Culver sent Assistant Director of Administration Weston Young to address the council’s questions about the hiring. After several minutes of aggressive questioning from several council members, Cannon finally challenged Culver, who was seated in the rear of the council chamber, to come to the table and explain things for himself.

“We didn’t know it, the public didn’t know it,” Cannon declared. “Nobody knew it until the gentleman stood up and explained to a room of County Council members and General Assembly Delegates – all of a sudden – that he was the lobbyist for Wicomico County.”

Earlier, Young explained that the Executive’s Office believed the county could be getting more from Annapolis, both through legislative efforts and funding distributions, if it had someone closely monitoring proceedings and engaging in networking.

“The point is there’s funding at the state level that we’re not going after,” Young said. “If (the lobbyist) gets even one of the projects funded, he’s paying for himself. We can’t be in Annapolis every day.”

On that legislative list, Young said, are:

  • The Airport Maintenance Tax Bill – This measure, which would offer tax incentives sought for Salisbury-Wicomico Regional Airport, failed in the last two sessions. In the House of Delegates, Young said, the measure is perceived as a tax break for wealthy airplane owners, but the county sees it as a jobs-growing bill.
  • The Maryland Department of Transportation Wish List – Each year, the county offers a list of roads construction priorities, but there is little follow-up or discussion, and state officials concentrate on their own plans.
  • Wicomico River Maintenance – The county would like the Maryland Port Administration to help pay for river dredging and administrative costs related to the Delmarva Water Transport Committee, which oversees the Salisbury port’s river operations.
  • State and federal grant support – The county wants help with access to state bond construction bills and influence in being included in the governor’s discretionary spending fund. The city of Salisbury has in recent years won huge grants from the governor for the Downtown Amphitheater and Main Street renovations.

Young said Ellington’s contract was signed in May and runs for 12 months. He said payment came from unspent cash remaining the Executive Office’s fiscal 2019 budget.

Cannon’s agitation peaked when Young said the lobbyist contract was being considered for the budget that took effect July 1, but the council had drastically cut the executive’s own office-funding requests.

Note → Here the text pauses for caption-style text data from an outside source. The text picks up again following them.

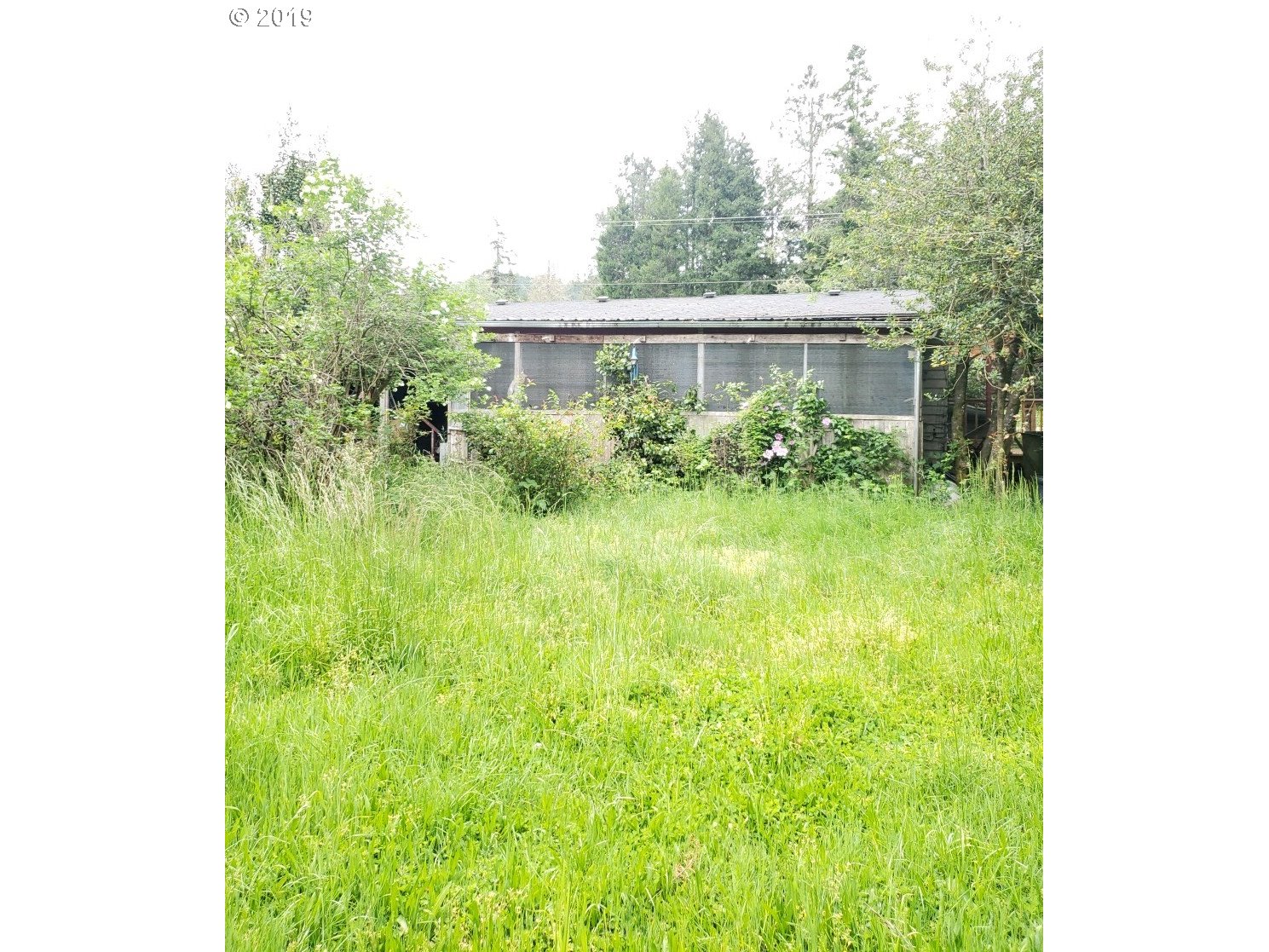 3195 Glenbrook Loop Road Riddle, OR 97469 - Photo 3 of 5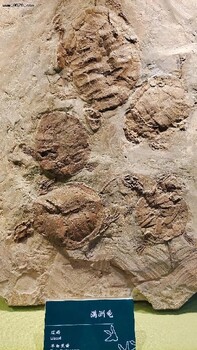 鱼形化石如何出手,化石交易价格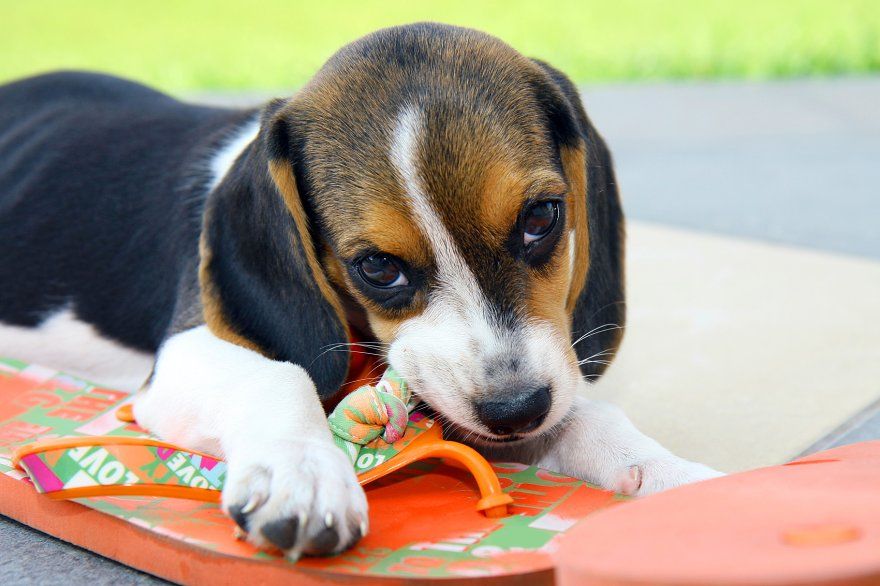 Cute Beagle puppy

Cannon told Young that the lobbyist need had never been part of any budget planning discussions involving the council.

“If it was important, it should have been in the budget,” Cannon said.

Being caught unaware appeared to be the bitter pill the council still hadn’t managed to swallow.

“Why was this not on an agenda and why were we never told? We probably wouldn’t have liked it then, but it would have been a lot less of an impact then it was (hearing about it) at this legislative meeting,” said Councilman Joe Holloway.

The incident did not appear to be a case of Culver deciding to wait and ask for forgiveness, rather than ask for permission.

“This is in the purview of the County Executive,” Culver repeated several times.

The executive, who was just re-elected last November, renewed his complaint that the council often does things without including him in the decision-making.

“You didn’t inform us when you decided to have an Internal Auditor and an Assistant Internal Auditor,” Culver retorted at one point.

Cannon countered that those positions were added as a debated legislative bill that was part of a County Charter amendment approved in a voter referendum.

Council members suggested several times that the lobbyist hiring must reflect some lack of confidence in local General Assembly members as advocates for the county. Both Culver and Young were careful to walk lightly around that issue.

“We hired him because we have several things we have to get through and it’s not working out,” Culver said.

Even with Culver prominently seated at the table, council members kept most of their heat on Young, who at one point decried the historic “lack of communication” between the county’s legislative and executive branches.

“To say there’s a lack of communication and to try to infer it’s the fault of this council – we’re here to discuss anything,” Cannon responded. “The council sits here two times a month every month of the year. Anything is wide open for the executive branch to discuss.”

Culver has previously said he would like to meet with council members and work things out in private.

“We are held to discussions in the public,” Cannon said. “We cannot hold discussions behind closed doors.”